Modern Ways to Pass Wealth to the Next Generation


Transferring wealth to the next generation involves much more than property, savings accounts, or fine art. New forms of wealth have emerged from the digital economy, including many complex, liquid and often misunderstood assets. In spite of this complexity, these digital and non-traditional assets are an increasing source of wealth that families can use to transfer wealth to future generations. Examples include: cryptocurrency, copyright royalties and others. Legacy planning is changing at a rapid pace as we continue to see new types of wealth emerge.

Changes in the Wealth Landscape
In the last decade, the wealth landscape has transformed completely. The wealth held by families is not only in physical property (bricks and mortar) but also in digital formats. These include cryptocurrency, NFT collections, loyalty points, and monetised content. Younger generations are increasingly familiar with the concept of digital wealth and its importance in everyday life. The digital wealth of family members can be traded and has value that appreciates at rates greater than those of traditional investment vehicles.

Loyalty Points: More Than Just Travel Miles
Once viewed as trivial or of little importance, loyalty points can reach significant values and provide access to substantial rewards. Loyalty points can be found in airline miles, hotel rewards programs, premium credit cards, etc. However, because of their short shelf life and restrictions associated with specific accounts or card products, transferring them between family members can be difficult if they are not properly documented.

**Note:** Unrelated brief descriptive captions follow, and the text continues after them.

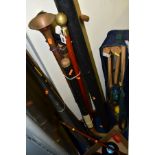 A GROUP OF WALKING STICKS, FISHING TACKLE AND CROWN GREEN BOWLING BALLS, etc, to include a horn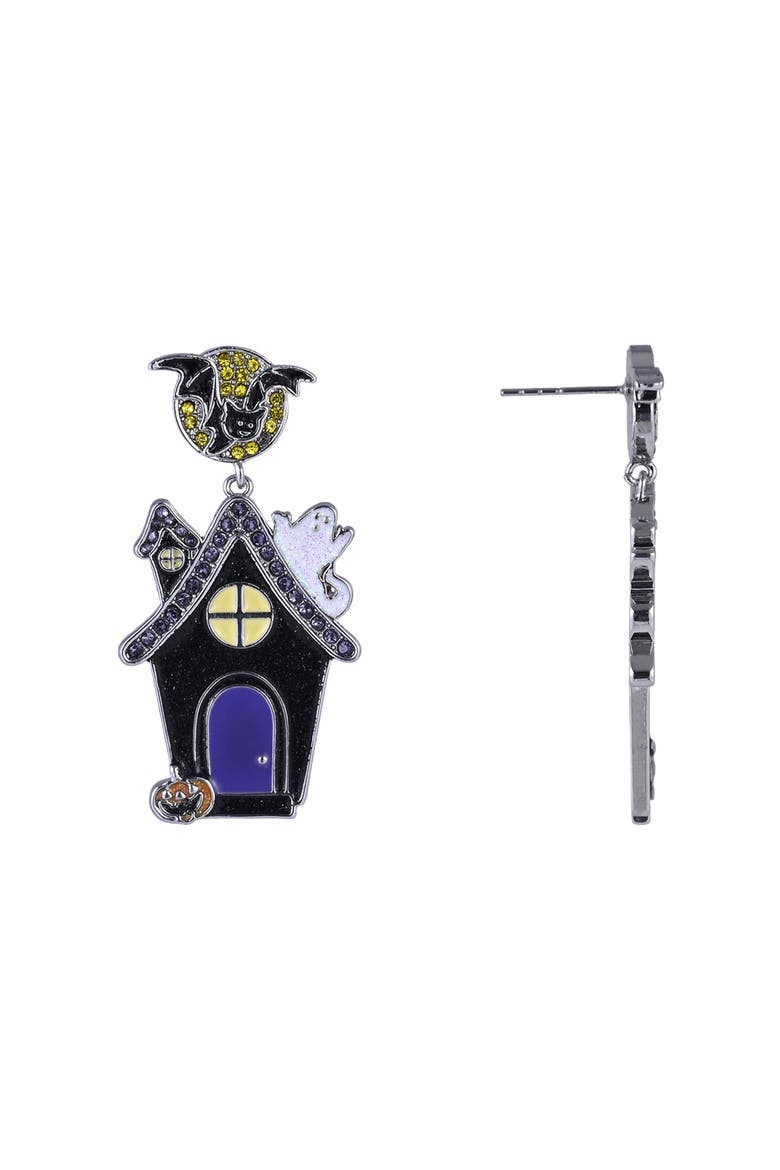 Halloween Haunted House Earrings, Alternate, color, Purple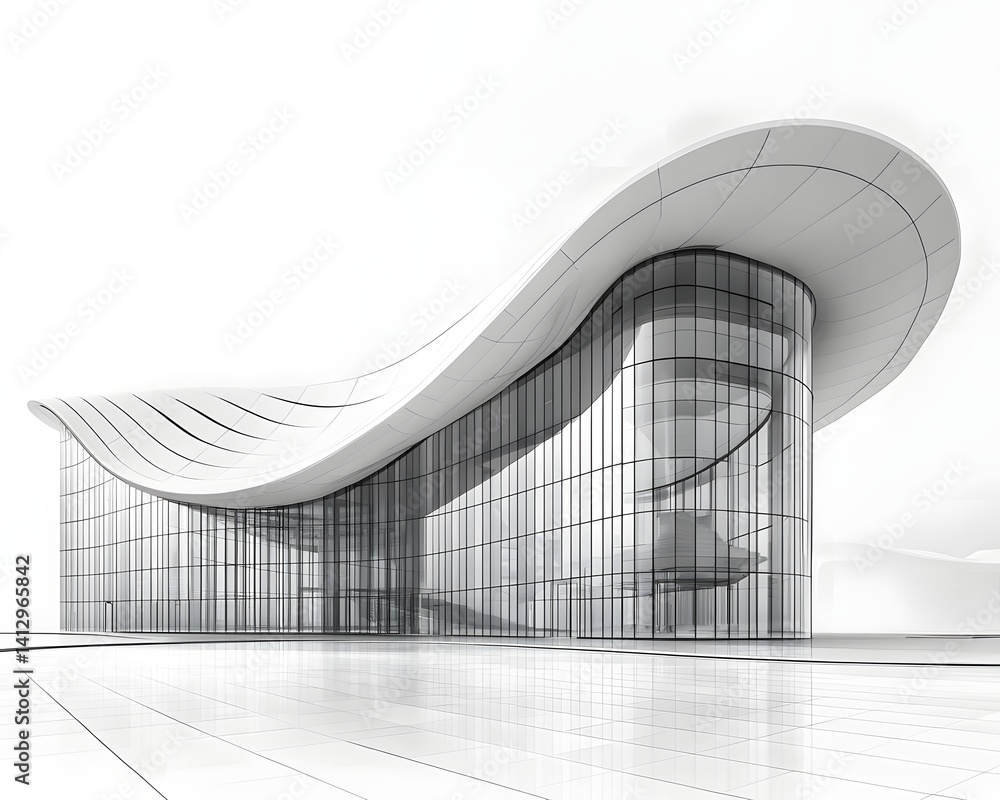 Poster a sleek line art depiction of a high tech pavilion with curving overlapping roofs and clean structur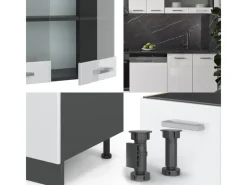 New Vicco R-Line Küchenzeile /Anthrazit 300 cm AP Anthrazit ohne E-Geräte Küchenschränke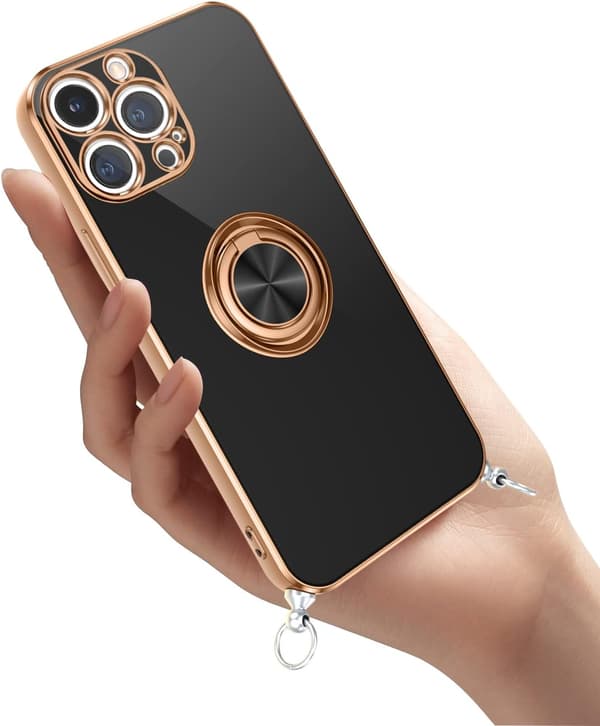 Apple iPhone 12 Pro Max -kotelo, musta, kiinteällä selkänauhalla
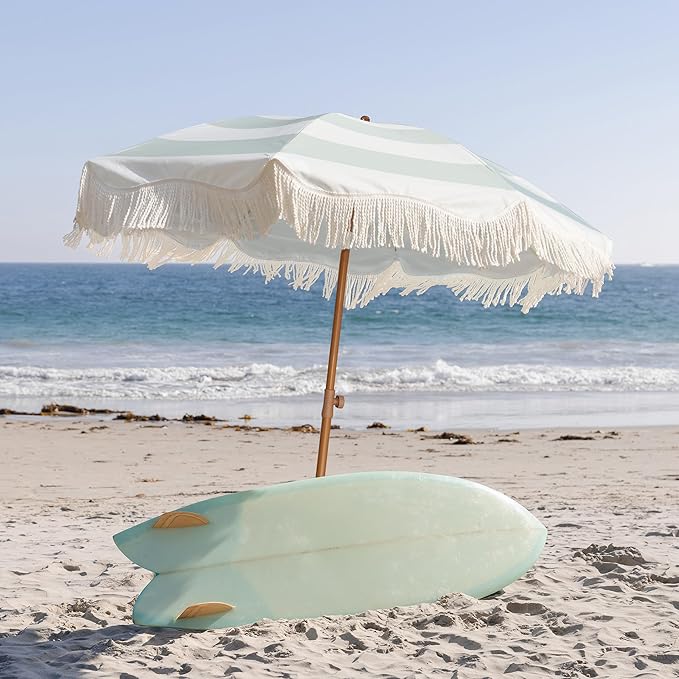 AMMSUN Boho Fringe Umbrella Outdoor Patio, 6.5ft UPF50+ Picnic Umbrella with Tassels with Steel Pole and Push Button Tilt, Vintage Green Stripe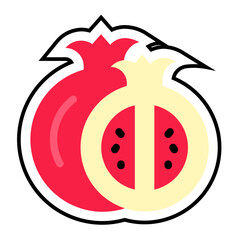 Pomegranate Sticker Icon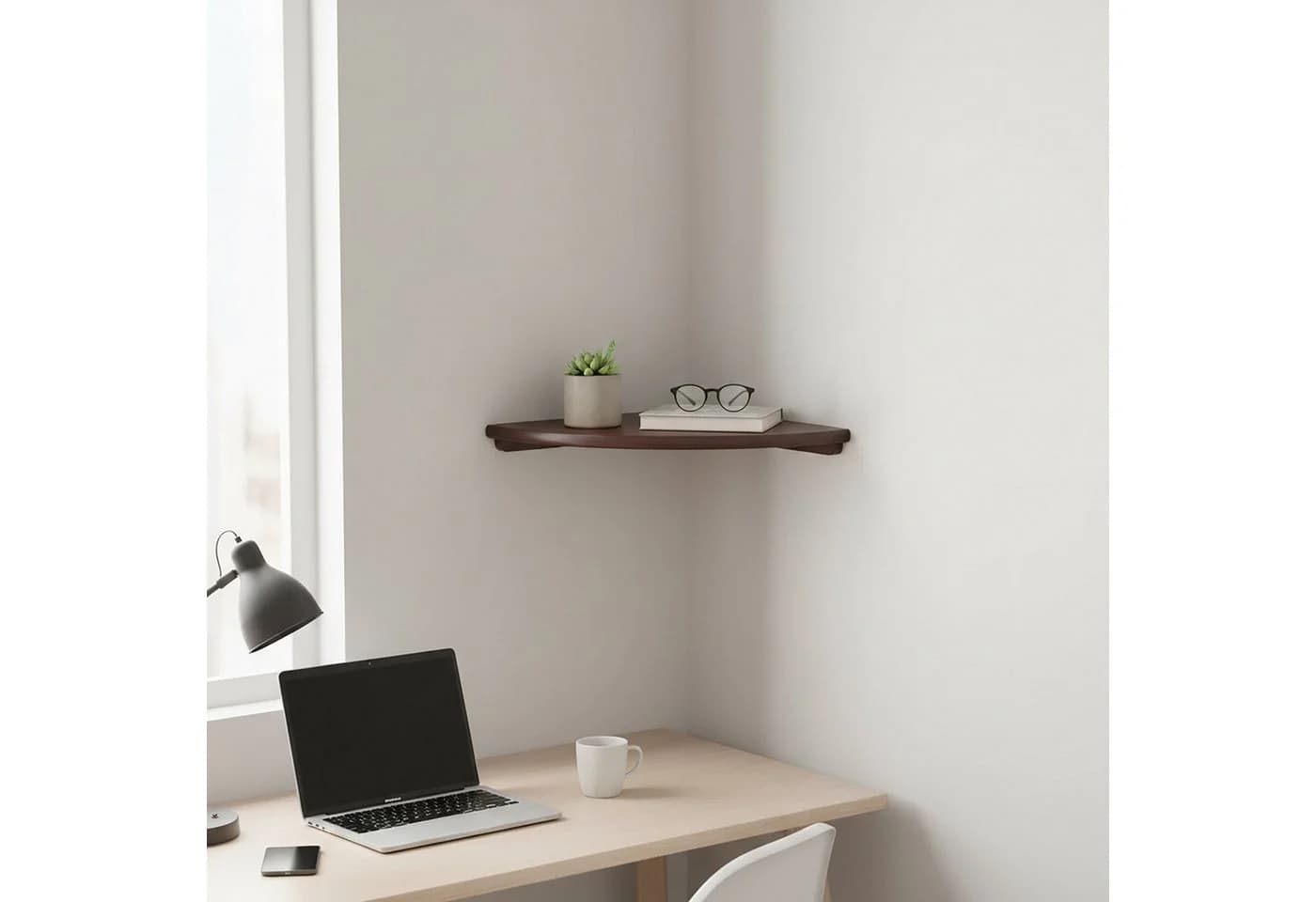 relaxdays Eckregal Wand Walnussholz Braun Minimalistisch - Bild 3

Protecting Intellectual Property Rights
All forms of written works (books), composed music, patented inventions, online courses, etc., constitute intellectual property. When properly developed, intellectual property generates long-term income in the form of royalties or licensing fees. The problem is creating legal protections around these rights and securing their income streams. Unlike physical property, intellectual property is easily overlooked when a person passes away, unless they have taken the time to document their rights and assign those rights to beneficiaries in a will.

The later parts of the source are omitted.